Arved Sandstrom agreed that the search for ideas should be expanded to all parsers with available source and suitable licensing:
There's stuff that microparsers like nanoxml can contribute to the discussion. Python XML parsers (and there is more than one) are quite good. If we are talking James Clark, let's not forget expat; this is a very good parser and represents the core of the Perl XML processing family.
...I think there is potential here for making this project best-of-breed when it comes to showing that open-source can do process.
The project has now taken on a life of its own: differences seem to have been set aside (at least temporarily) to focus instead on the technology. Ed Staub has taken on the task of co-ordinating the collection and publication of the XRI requirements. The discussion has already thrown out some interesting ideas such as Grammar caching (avoiding reparsing of the same DTD multiple times), and compiling an XML Schema into a custom parser.

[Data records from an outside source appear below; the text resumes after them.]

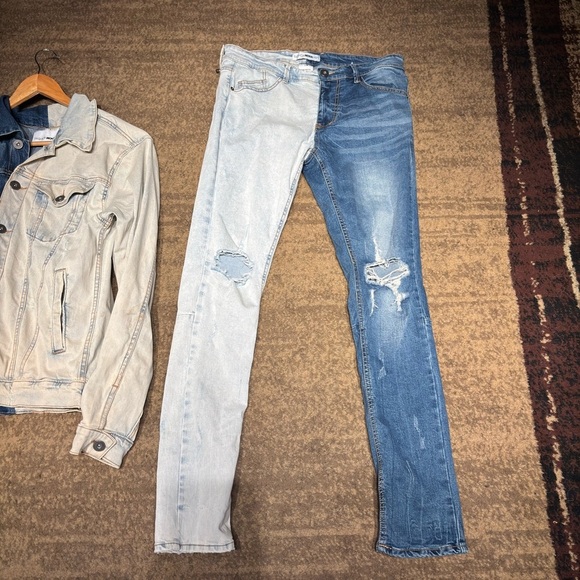 Fashion Nova Two-Tone Denim Jacket & Jeans Set – Men’s Medium - Picture 3 of 12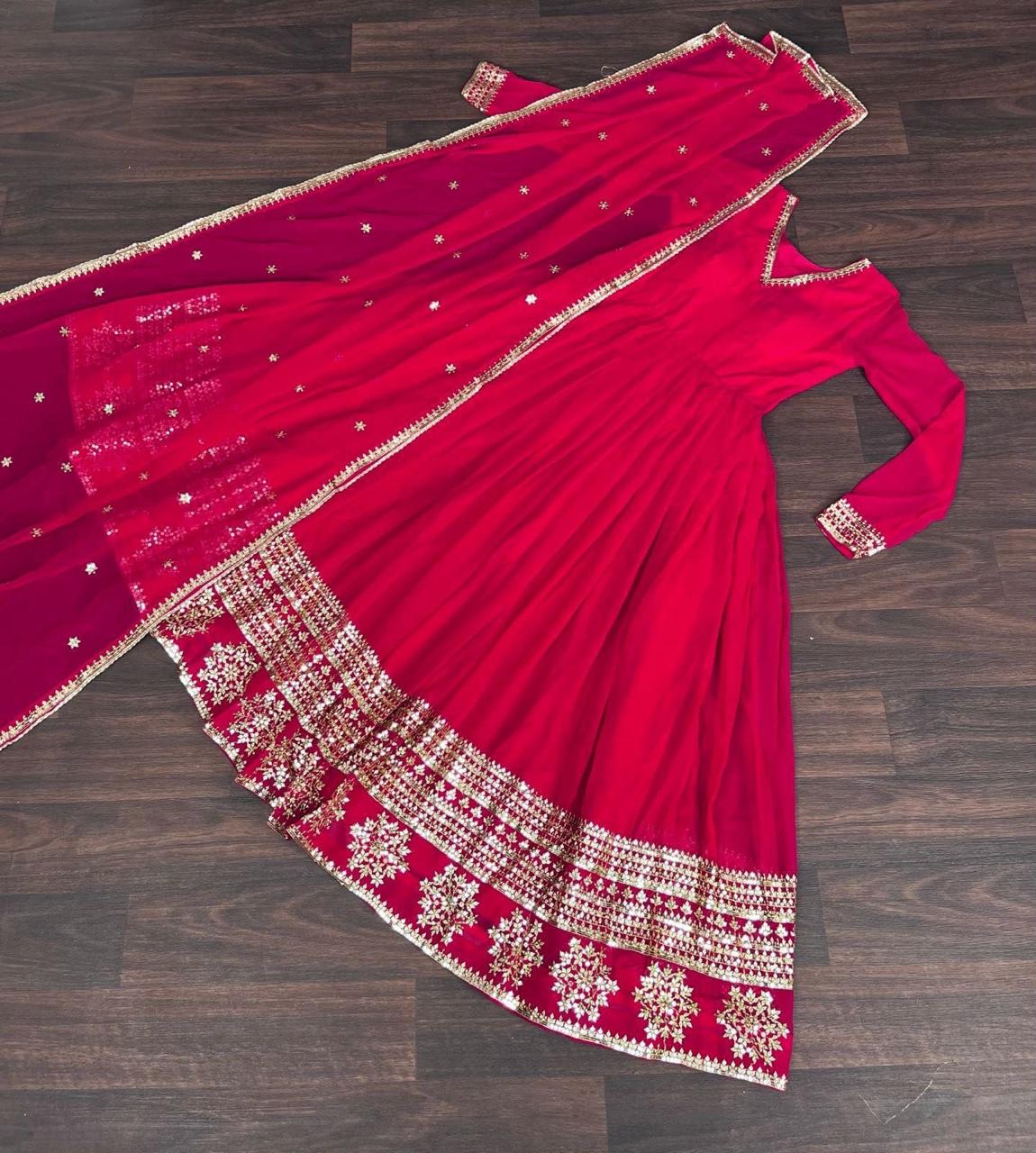 Beautiful Blooming With Sequence  & Embroidery Work Gown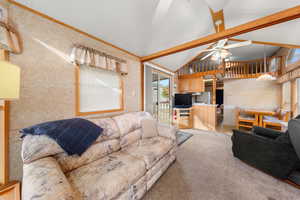 Living area with healthy amount of natural light, light colored carpet, and high vaulted ceiling
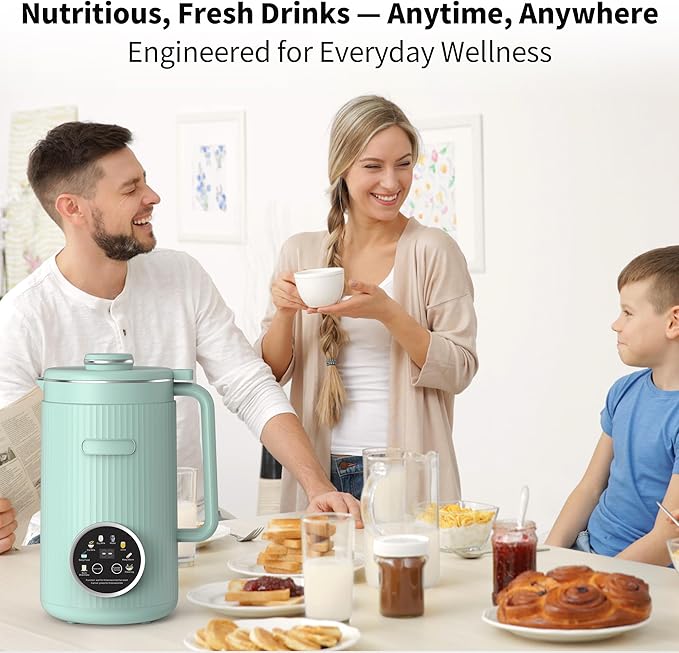 35oz Soy Milk Maker Machine: 8-in-1 Nut Milk Maker for Oat Milk Vegan Drinks Baby Food Blender - Plant-Based Milk Machine with Stainless Steel LED Touch Auto Shutoff (Green)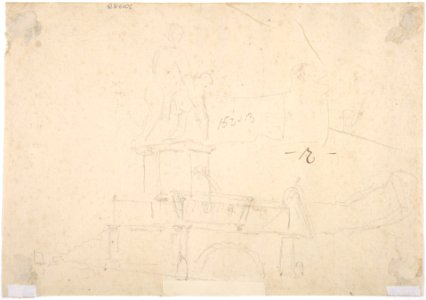 Venetian Capriccio- Landscape with a Farm Building, Sarcophagus, and Fountain (recto); Monument (verso) MET DP807983
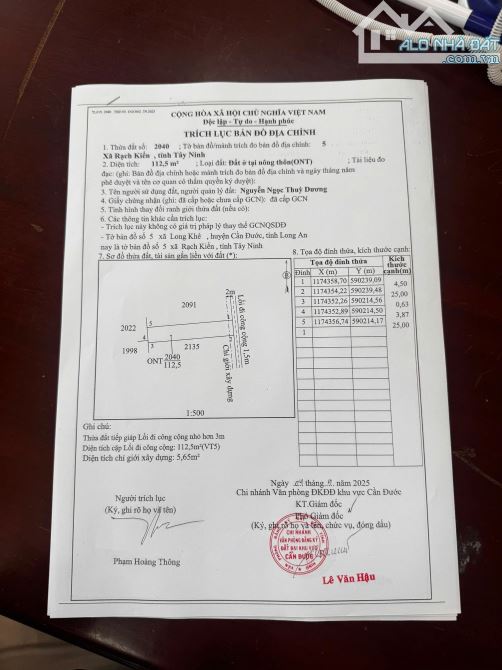 LÔ ĐẤT LỌT KHE 112M2 FULL THỔ CƯ GẦN CHỢ TRUNG THÀNH GIÁ 1 TỶ 280 - 1
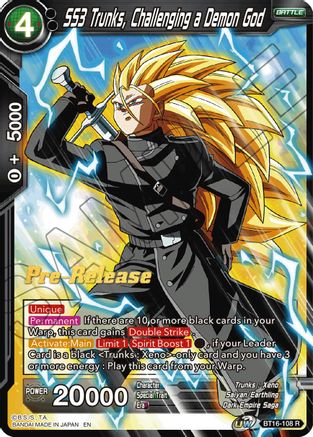 Image of SS3 Trunks, Challenging a Demon God (BT16-108) - Realm of the Gods PreRelease Cards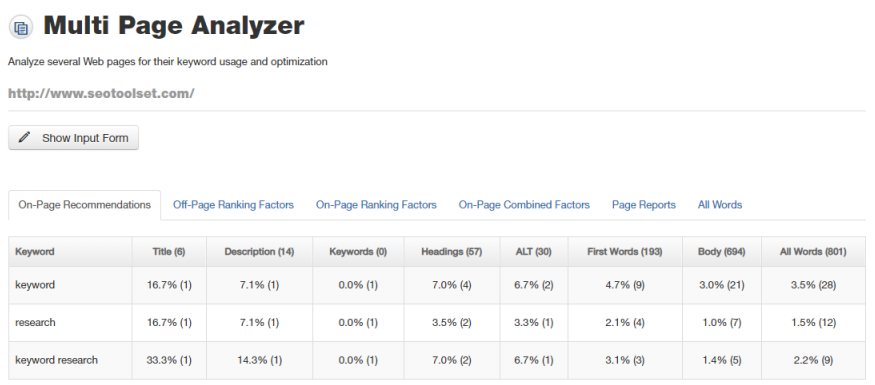 Multi Page Analyzer.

There's obviously a long road ahead for XRI/Spinnaker but it should yield some interesting results. Don't go looking for a Xerces 2 just yet, and don't despair, as Xerces 1 is not about to be abandoned: the IBM team is currently hard at work completing XML Schema support.
Perhaps the key benefit of this project, despite its rocky beginnings, is that the internal fragility of the Apache XML may be removed. With effort from both the Xerces and Crimson teams, as well as the wider developer community, we'll not only benefit from a next-generation parser, but also a more stable and collaborative process underpinning the development of a vital component in the XML infrastructure.